Seleção e tradução de Júlio Marques Mota
11. Não há uma única boa razão para desregulamentar os bancos agora. Seja como for, os Democratas estão a ajudar a que isso aconteça.
Por Jordan Weissmann
Publicado por Magazine, em 7 de março de 2018
Apenas dez anos após a crise financeira, o Congresso decidiu que é hora de começar novamente a desregulamentar o setor bancário.
Na terça-feira, uma coligação de republicanos e democratas moderados votou por 67 contra 32 uma proposta de lei que afrouxa algumas das principais regulações que o Congresso aprovou em 2010 para evitar outra crise financeira. Os defensores democratas do projeto, como Mark Warner, da Virgínia, e Jon Tester, de Montana, afirmam que estão simplesmente a tentar fazer “consertos de bom senso” relativamente à Lei Dodd-Frank, a fim de libertar as Cooperativas de crédito e bancos menores das pesadas regras que foram concebidas para impedir um outro colapso ao estilo de Lehman Brothers. Mas, embora esse possa ter sido o objetivo, a legislação – que foi exaustiva e excelentemente coberta pelo jornalista David Dayen – tornaria mais fácil para os bancos comunitários esconderem irregularidades como empréstimos discriminatórios, deixando o sistema financeiro pelo menos um pouco mais vulnerável a um desastre, libertando grandes bancos regionais do escrutínio regulatório. Tal como está redigida, há também uma grande probabilidade de que isso possa acabar por diminuir as restrições atualmente impostas a um par de bancos grandes demais para poderem falir, como o JPMorgan e o Citibank – restrições que foram criadas para impedir que eles se alavancassem com demasiada dívida.

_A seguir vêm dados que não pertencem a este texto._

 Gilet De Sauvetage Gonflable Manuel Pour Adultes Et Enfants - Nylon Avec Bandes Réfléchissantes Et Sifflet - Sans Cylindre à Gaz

Mas o leitor não precisa de meter-se nos detalhes deste projeto de lei para entender porque razão ele é tão revoltante. O ponto principal é que não há nenhuma boa razão para desregulamentar as finanças em 2018.
Os democratas defensores da nova legislação argumentaram que a lei Dodd-Frank foi longe demais quando se tratou de regulamentar bancos comunitários e regionais, e que flexibilizar algumas regras libertará possibilidades de crédito para áreas rurais e para as pequenas empresas. Como Warner colocou num seu depoimento, “O objetivo é simples: ajudar a atividade retalhista das vilas e cidades (Main Street) revertendo regulamentações desnecessárias e pesadas sobre cooperativas de crédito e pequenos bancos comunitários.” Se a lei Dodd-Frank estava realmente a estrangular o sistema bancário com a burocracia, esperar-se-ia ver alguns sinais de que os americanos estavam a ter problemas em contrair empréstimos. Mas simplesmente não há nenhum sinal. Não há sinal de falta de crédito nos Estados Unidos – na Main Street ou em qualquer outra rua.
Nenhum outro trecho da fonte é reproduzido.